*** DATA EXTRACT ***

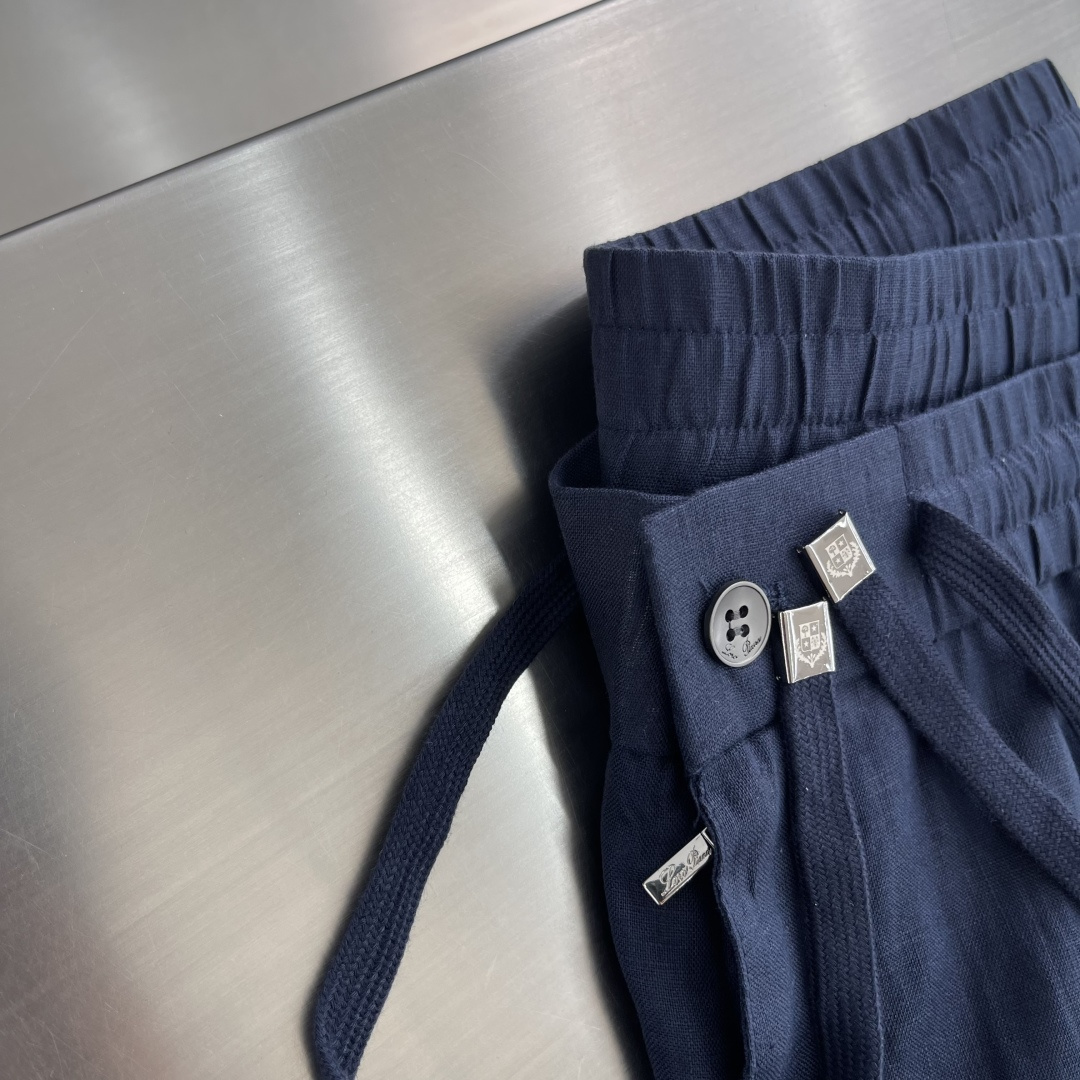 -Loro Piana    亚麻面料男士休闲短裤最新款上身版型无敌正！绝对可以闭眼收的一款此款裤子非常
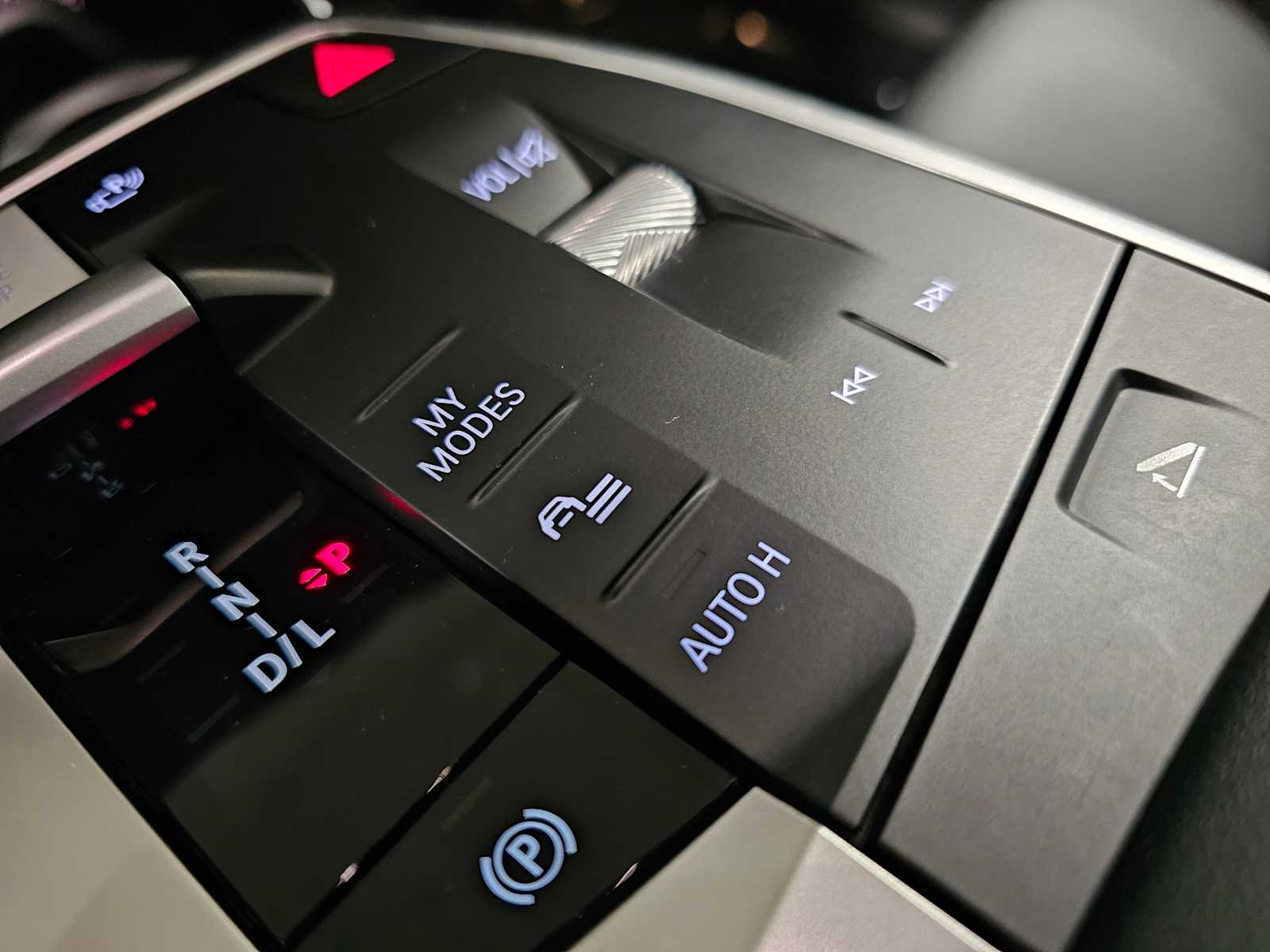 Thumbnail: 2025 BMW X1 - 21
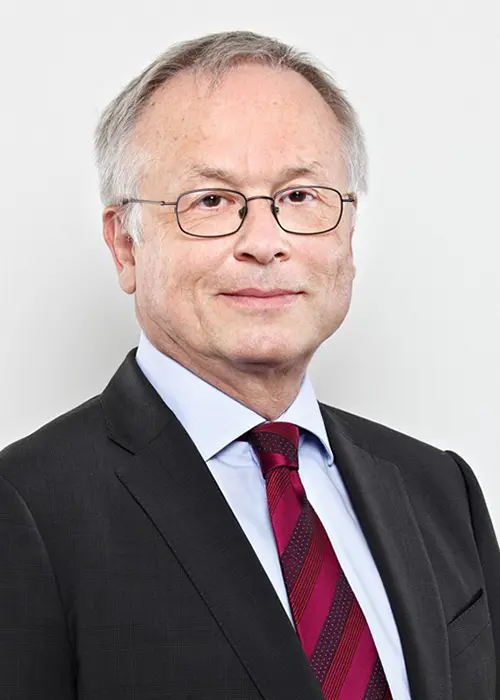 Dr. Wolfgang Skoda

***

**PROBLEM DESCRIPTION:** Pictures stay out; everything else in the listing above gets restated word for word.

**YOUR RESPONSE:**
 -Loro Piana    亚麻面料男士休闲短裤最新款上身版型无敌正！绝对可以闭眼收的一款此款裤子非常
 Thumbnail: 2025 BMW X1 - 21
 Dr. Wolfgang Skoda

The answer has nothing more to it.